Ce grave scandale (un dépanneur unilingue dans un quartier bourré de dépanneurs) a été exposé par Benoît Dutrizac, animateur-vedette de 98,5 FM, dont le fonds de commerce est la défense tous azimuts de la langue, à la suite de la plainte d'un client.

La réalisatrice de l'émission a appelé le dépanneur en ondes en se faisant passer pour une cliente. L'homme qui a répondu ne parlait qu'un anglais sommaire. Quand la réalisatrice lui a demandé pourquoi il ignorait le français, son interlocuteur s'est fâché et lui a dit d'aller se plaindre au gouvernement, tout en lâchant une bordée d'injures envers ceux qui boivent de la bière, fument des cigarettes et vivent sur le BS alors que lui, un immigrant, a une entreprise.

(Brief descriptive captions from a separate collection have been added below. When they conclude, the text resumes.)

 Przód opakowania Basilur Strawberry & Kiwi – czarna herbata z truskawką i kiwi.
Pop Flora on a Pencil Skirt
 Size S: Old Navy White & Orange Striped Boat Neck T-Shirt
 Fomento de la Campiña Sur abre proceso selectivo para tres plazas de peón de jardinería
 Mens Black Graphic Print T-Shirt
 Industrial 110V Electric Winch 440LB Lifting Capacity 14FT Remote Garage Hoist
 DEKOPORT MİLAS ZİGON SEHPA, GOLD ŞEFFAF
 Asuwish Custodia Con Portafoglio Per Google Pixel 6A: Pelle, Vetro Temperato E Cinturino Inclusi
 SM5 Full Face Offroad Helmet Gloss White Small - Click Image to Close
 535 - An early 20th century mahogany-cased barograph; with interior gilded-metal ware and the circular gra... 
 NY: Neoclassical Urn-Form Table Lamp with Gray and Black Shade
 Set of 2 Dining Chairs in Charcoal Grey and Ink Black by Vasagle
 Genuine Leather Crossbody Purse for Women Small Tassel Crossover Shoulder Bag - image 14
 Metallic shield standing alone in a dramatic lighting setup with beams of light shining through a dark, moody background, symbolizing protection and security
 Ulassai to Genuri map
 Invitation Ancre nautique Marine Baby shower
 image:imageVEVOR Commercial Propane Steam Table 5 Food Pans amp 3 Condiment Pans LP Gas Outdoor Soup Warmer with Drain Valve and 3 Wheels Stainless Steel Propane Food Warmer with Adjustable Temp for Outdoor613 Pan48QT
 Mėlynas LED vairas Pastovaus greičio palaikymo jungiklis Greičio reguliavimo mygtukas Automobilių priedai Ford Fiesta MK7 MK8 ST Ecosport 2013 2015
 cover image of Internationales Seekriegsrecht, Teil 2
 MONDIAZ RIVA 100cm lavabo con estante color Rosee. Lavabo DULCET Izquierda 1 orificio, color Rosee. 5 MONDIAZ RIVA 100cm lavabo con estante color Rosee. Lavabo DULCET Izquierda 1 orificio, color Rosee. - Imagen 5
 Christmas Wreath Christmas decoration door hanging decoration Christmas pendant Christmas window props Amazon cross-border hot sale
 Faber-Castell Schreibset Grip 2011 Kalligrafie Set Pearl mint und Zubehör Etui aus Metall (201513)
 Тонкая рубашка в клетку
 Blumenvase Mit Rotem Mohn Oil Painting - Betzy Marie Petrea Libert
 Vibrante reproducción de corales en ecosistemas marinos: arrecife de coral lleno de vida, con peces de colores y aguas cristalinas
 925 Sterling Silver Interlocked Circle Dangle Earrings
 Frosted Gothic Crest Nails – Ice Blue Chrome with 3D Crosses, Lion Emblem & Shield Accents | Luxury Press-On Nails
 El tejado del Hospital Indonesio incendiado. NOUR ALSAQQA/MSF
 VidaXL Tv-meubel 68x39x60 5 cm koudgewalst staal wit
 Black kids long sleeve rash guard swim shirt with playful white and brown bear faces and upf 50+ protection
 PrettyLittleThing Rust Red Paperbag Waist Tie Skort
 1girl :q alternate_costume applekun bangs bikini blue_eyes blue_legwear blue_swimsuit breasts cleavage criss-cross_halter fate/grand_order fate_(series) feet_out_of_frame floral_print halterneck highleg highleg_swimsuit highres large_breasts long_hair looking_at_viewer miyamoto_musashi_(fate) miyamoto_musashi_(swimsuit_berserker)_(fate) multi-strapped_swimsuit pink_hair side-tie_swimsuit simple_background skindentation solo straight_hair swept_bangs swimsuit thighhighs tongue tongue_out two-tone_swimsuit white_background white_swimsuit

Notons bien que tout ce temps, la conversation était diffusée en ondes à l'insu de ce pauvre type, qui tout à coup s'est retrouvé dans le rôle de l'ennemi public numéro un, stigmatisé par l'animateur le plus populaire de la radio du midi.

Dutrizac a ensuite appelé l'Office de la langue française, qui a promis de faire enquête. Théoriquement, le dépanneur pourrait encourir une amende de 1500 à 20 000 $.

Ainsi donc, dans notre société où la délation est élevée au rang de vertu, un immigrant de fraîche date dont les enfants sont à l'école française et deviendront des citoyens bilingues ou trilingues, se trouve confronté en même temps à la toute-puissance de l'État, à la radio la plus influente de Montréal et à la vindicte populaire, avec le risque de perdre le petit commerce qui fait vivre sa famille.

Les dépanneurs, ou les « convenience stores », ailleurs en Amérique, sont la porte d'entrée des immigrants les plus pauvres, parce que l'investissement est relativement modeste et qu'ils disposent d'une main-d'oeuvre familiale. Partout, à New York comme à Montréal ou Vancouver, ils connaissent mal la langue du pays. Ils tirent le diable par la queue et n'ont pas le temps d'aller suivre des cours.

Qu'on s'en prenne aux vice-présidents de la Caisse et aux banquiers qui ignorent le français et ne se donnent pas la peine de l'apprendre, eux qui ont toute possibilité de le faire. Qu'on s'en prenne aux gros, pas aux petits!

Le fait qu'il y a 50 ans, les Canadiens français se sont fait manger la laine sur le dos n'est pas une excuse à l'intolérance. Passons l'éponge sur ces petits manquements qui, du reste, menacent beaucoup moins l'avenir du français que la langue en voie de créolisation qui est devenue le dialecte des gens branchés.

Une société civilisée ne s'attaque pas aux gens les plus vulnérables. C'est lâche, c'est mesquin, c'est aussi contre-productif, car si des cas du genre se multiplient, le Québec aura vite fait de s'attirer la réputation d'une petite société intolérante et xénophobe.